I feel like I’ve been waiting for Motherless Brooklyn nearly as long as Edward Norton has.
For an actor who is so infamous for his habit of fighting for as much creative control over his characters as possible, as well as his uncredited rewrites of some of his most prominent projects, you could be forgiven for thinking that the Fight Club actor would be into his second decade as a celebrated director.
In the time between Norton’s directorial debut, a charmingly wonky comedy about a priest and a rabbi falling for Jenna Elfman which was released in 2000, and Motherless Brooklyn, Ben Affleck has made four films, one of which won a bunch of Oscars. To me, this doesn’t make sense. Let me be honest from the start – Edward Norton is my favorite actor, a fact that has caused me no end of frustration over the years. His elusive screen presence has left me starved to say the least.
In many ways Motherless Brooklyn is a failure, yet none of those have anything to do with artistic merit. Again, as I wrote in my reviews of my previous Stephen King babies IT Chapter 2 and Doctor Sleep, the criticisms being launched at Motherless Brooklyn seem to be, to me at least, quite insubstantial.

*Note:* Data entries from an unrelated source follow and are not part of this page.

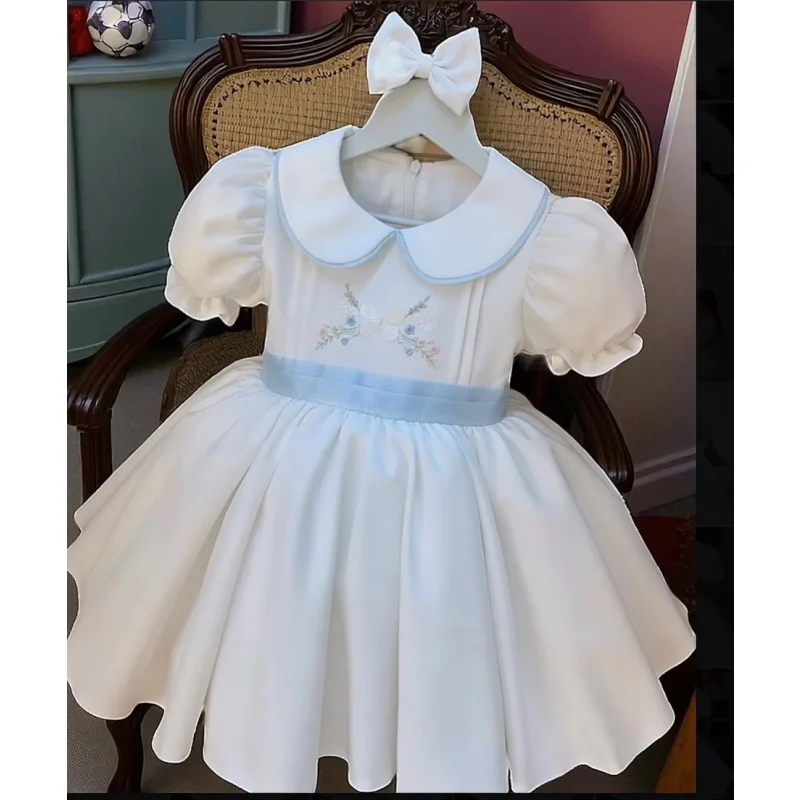 0-12Y Girls Summer Butterfly Embroidery White Dress with Hairpin and Big Blue Bow for Birthday Party Holiday Photography B573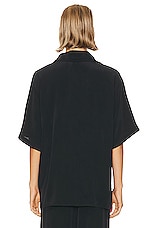 St. Agni Unisex Silk Shirt in Washed Black, view 3, click to view large image.
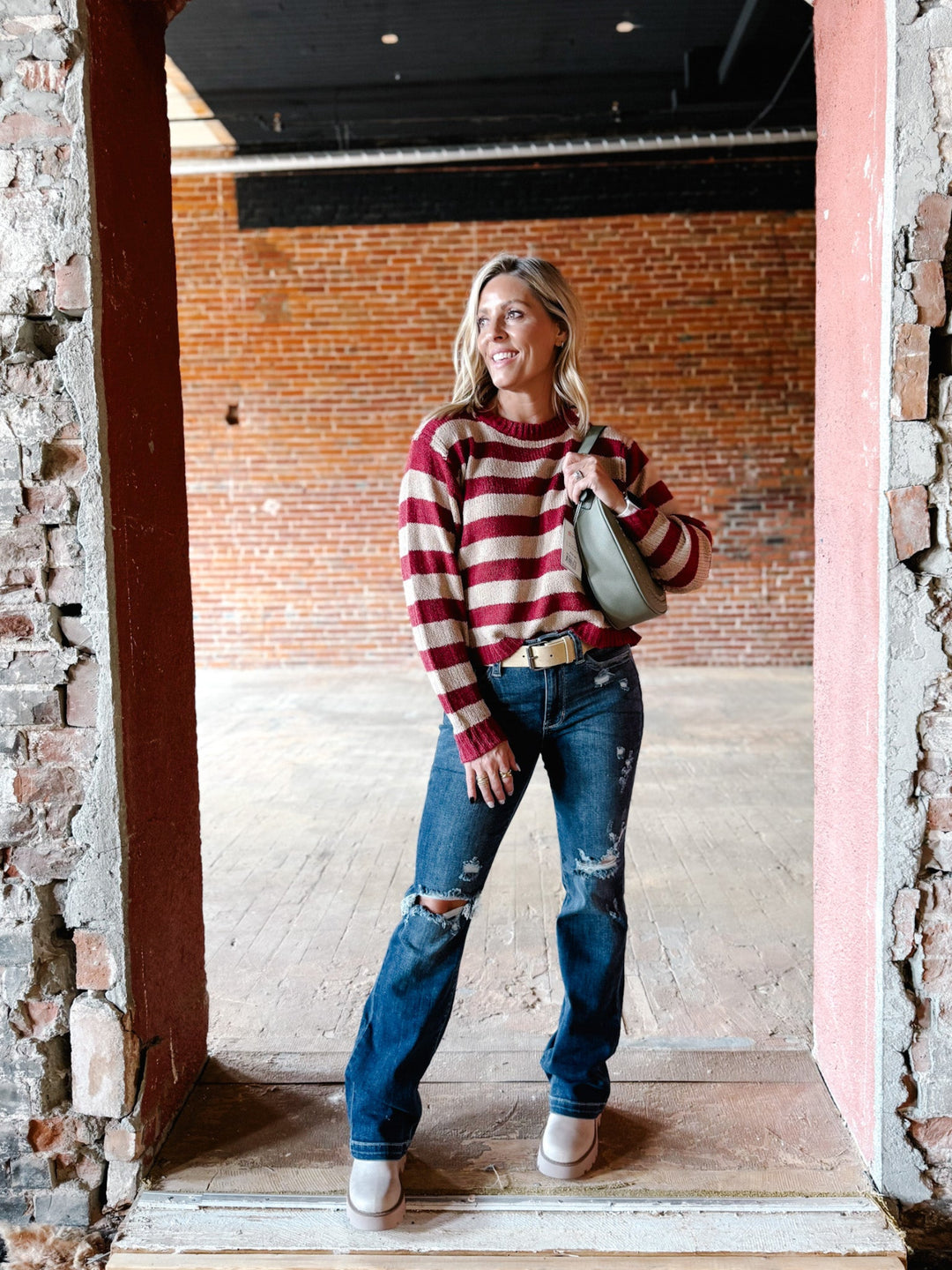 Tristan Whipstitch Shoulder Bag, Sage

A sprawling noir, the length of the movie has been a major critique which I could just about understand – if it wasn’t shorter than most superhero movies. The plot is labyrinthine and convoluted according to some, but that’s just not the case. For one, if you want a convoluted film noir that most of these critics hail as a masterpiece, how about Howard Hawks’ The Big Sleep? Compared to that, Motherless Brooklyn is a piece of cake. To be a little bitchy, I think criticisms of the film being too long or convoluted might have to do with the attention span of these reviewers; but I can all but guarantee that you will not be lost watching this film. If I can follow it so can you. Rant over.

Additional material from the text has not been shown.